Feedback capacity of OU-colored AWGN channels

Abstract

As a very important part of Shannon’s well-known original work on information theory, continuous-time channels, especially Gaussian channels, have become a significant focus of study in information theory. Despite extensive research efforts, apart from the additive white Gaussian noise (AWGN) channel, the derivation of a “computable” and “explicit” formula of feedback capacity for stationary continuous-time additive colored Gaussian noise (ACGN) channels has been a long-standing open problem that is of fundamental importance in information theory.

In this thesis, we consider a special case of OU-colored AWGN channels where the channel input, after going through an AWGN channel, may be further corrupted by an Ornstein-Uhlenbeck (OU) noise. Specifically, the channel is given by y(t) = x(t) + z(t), where the channel input {x(t)} satisfies a power constraint P and the noise {z(t)} is a stationary Gaussian process defined by z(t) = w(t) + λu(t; κ), where {w(t)} is a white Gaussian process and {u(t; κ)} is the Ornstein-Uhlenbeck process.

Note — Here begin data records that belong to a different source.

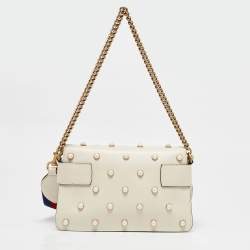 Pre Owned Gucci Off White Leather Mini Pearl Queen Margaret Broadway Shoulder Bag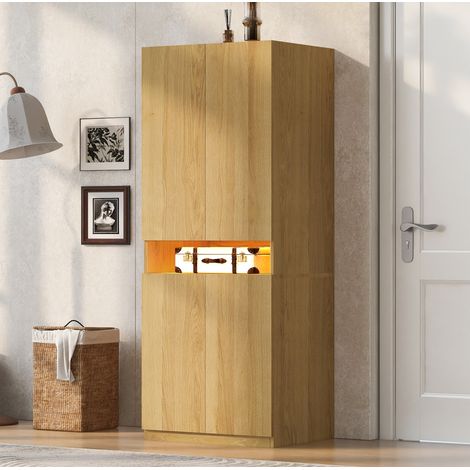 OKWISH Kleiderschrank mit LED-beleuchtetem Mittelfach 70 x 55 x 180 cm Holzfarbe (1/5)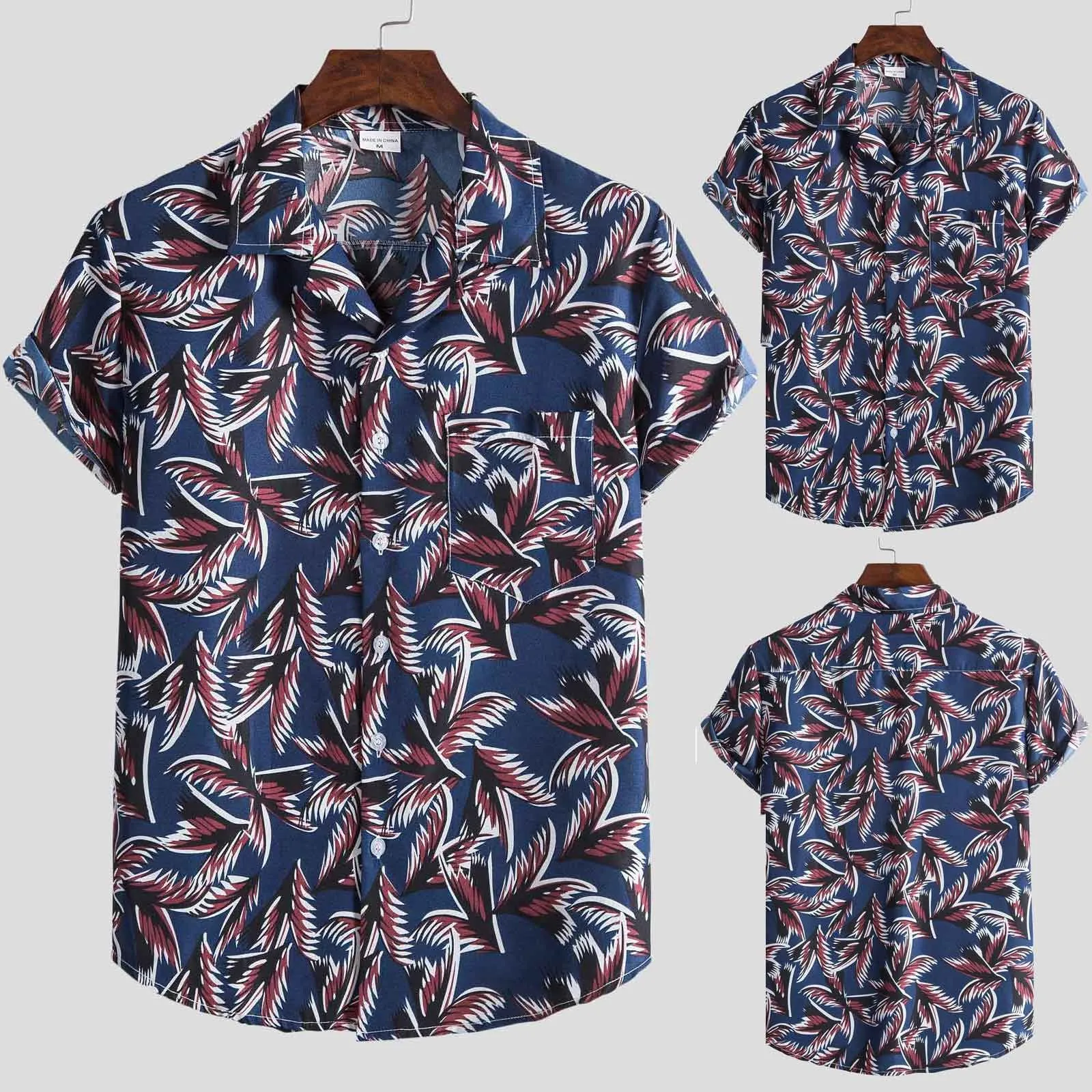 

Summer Men Beach Shirt Ethnic Print Short Sleeve Lapel Neck Button Leisure Hawaiian Shirts Men 2021 Streetwear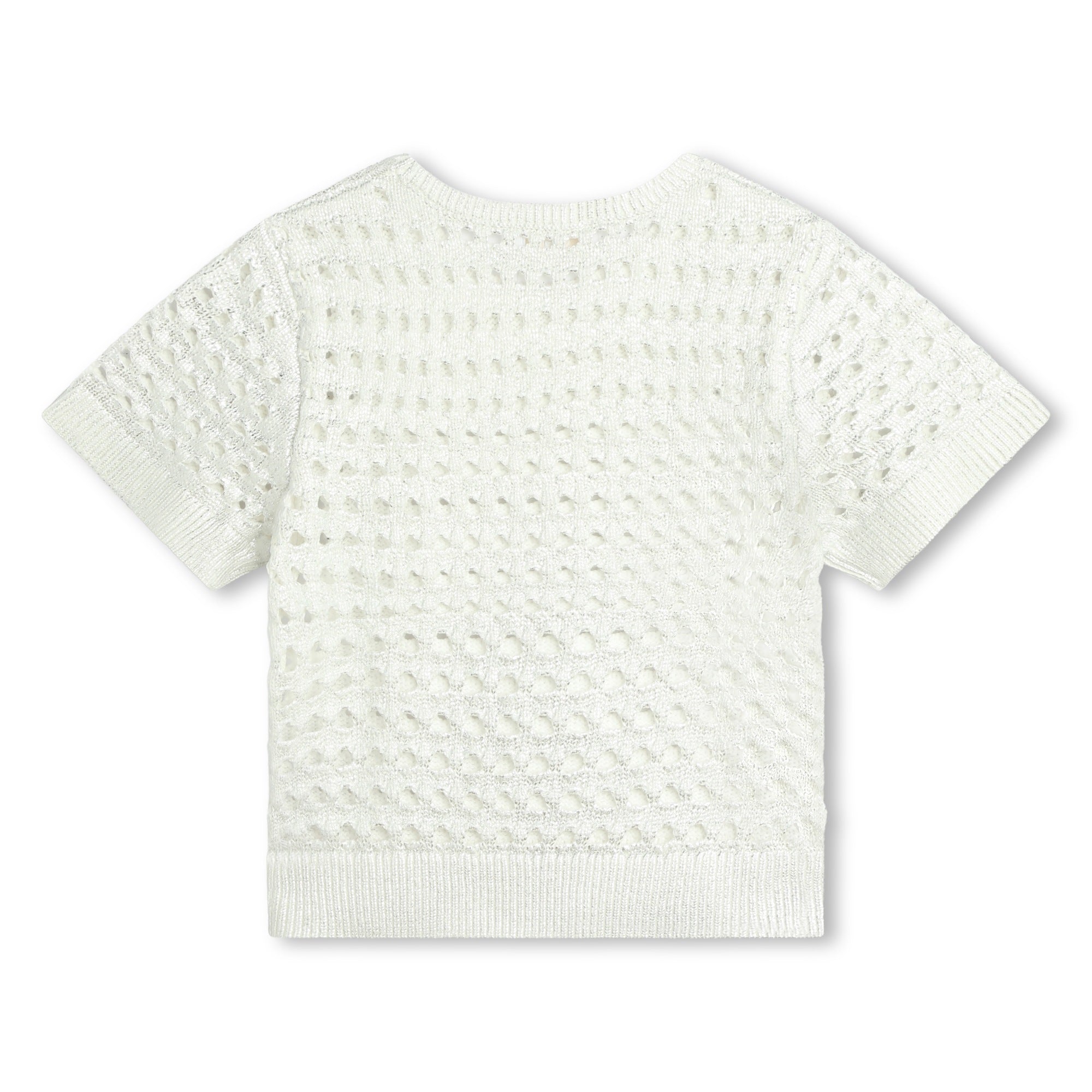 Girls White Hollow Cotton Sweater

We derive an explicit formula of the feedback capacity for such a channel, which, besides the AWGN channel, has been the only nontrivial stationary ACGN channel with known closed-form feedback capacity. More specifically, we show that the feedback capacity of this channel is equal to the unique positive root of the third-order polynomial equation P(x + κ) ^2 = 2x(x + | κ + λ | )^2 when −2κ < λ < 0 and is equal to P/2 otherwise. Among many others, this result shows that, as opposed to a discrete-time ACGN channel, feedback may not increase the capacity of a continuous-time ACGN channel even if the noise process is colored, and moreover, at least in some cases, the continuous-time Schalkwijk-Kailath coding scheme achieves the feedback capacity for such a channel. By applying this optimal coding scheme, we also derive an asymptotic characterization of the mutual information rate for a special family of ACGN channels. We further conduct a thorough analysis of the effect of feedback on the capacity of an OU-colored AWGN channel. More specifically, we characterize when the feedback capacity equals or doubles the non-feedback capacity for such a channel; moreover, we give two counterexamples to disprove continuous-time versions of some classical results and conjectures for discrete-time ACGN channels, including a counterexample to the continuous-time version of the well-known Cover’s 2P conjecture.